Monday, Jun. 28, 1937
Transatlantica (Cont'd)
To the pimento sands and mint-jelly sea of Bermuda last week air tourists flew for the first time as Pan American and Imperial Airways simultanteously began passenger service from Port Washington, L.I. with one plane apiece each way per week./- This week Imperial was scheduled to send a flying boat on first test hops all the way across the Atlantic between the new airbases at Botwood, Newfoundland and Foynes, Ireland (TIME, Nov. 30; March 1).
An association similar to that of Pan American and Imperial but as unstable as an alliance between cat and dog was formed last week between Germany's Lufthansa and Air France. These two national airlines agreed to cooperate in test flights across the Atlantic, share each other's bases at each end. The agreement gives Germany rights at Dakar, Senegal, for South Atlantic flights, and at Hanoi. French Indo-China, for Far Eastern flying. France won the right to use Germany's catapult ships in the Atlantic. Co-operation was necessary because France lacks planes, Germany lacks capital, and both lack rights to land in the Azores, Bermuda, Canada or the U. S.
Last week Air France and the French Line joined in creating a new concern called Companie Air France-Transatlantique. It announced that the lumbering old flying boat Lieutenant de Vaisseau Paris, which capsized in Pensacola Bay 18 months ago after flying up from South America, had been rebuilt, would soon start test flights across the North Atlantic.

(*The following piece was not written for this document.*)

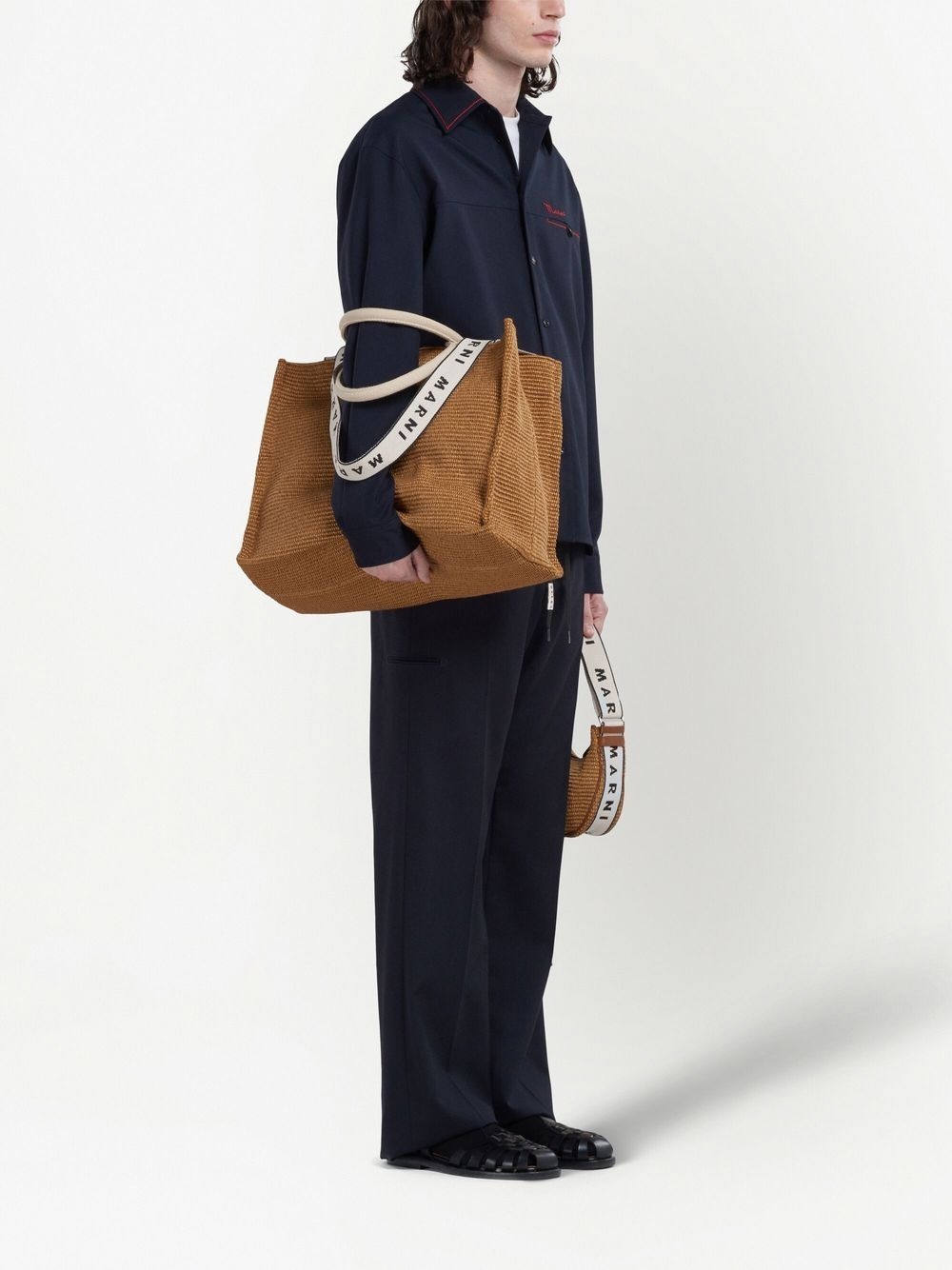 straight-leg wool trousers - 2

Lufthansa last week announced that it would start test flights to the U. S. in the first week of July with "the two biggest two-float hydroplanes ever constructed." These trim monoplanes, called Nordmeer and Nordwind, are powered by four Diesel engines apiece, have a cruising speed of 155 m.p.h. Designed for mail only, they will be catapulted by German ships at each end as were the two Lufthansa planes which test-flew the Atlantic last summer (TIME, Sept. 21). Last week the U. S. gave Lufthansa permission to make more tests. Neither Lufthansa nor Air France has permission to inaugurate commercial service.
/- Round-trip fare: $180. Both planes are four-motored flying boats with similar speed and weight, but the Pan American Bermuda Clipper carries 28 passengers to the Imperial Cavalier's 16. The run takes 5 1/2 hr. The Clipper leaves Long Island every Thursday, returns Sunday. The Cavalier leaves Long Island Saturday, returns Wednesday. Airmail is carried from Bermuda in the Cavalier. No airmail can be carried to Bermuda because the U. S. Post Office has not awarded a contract.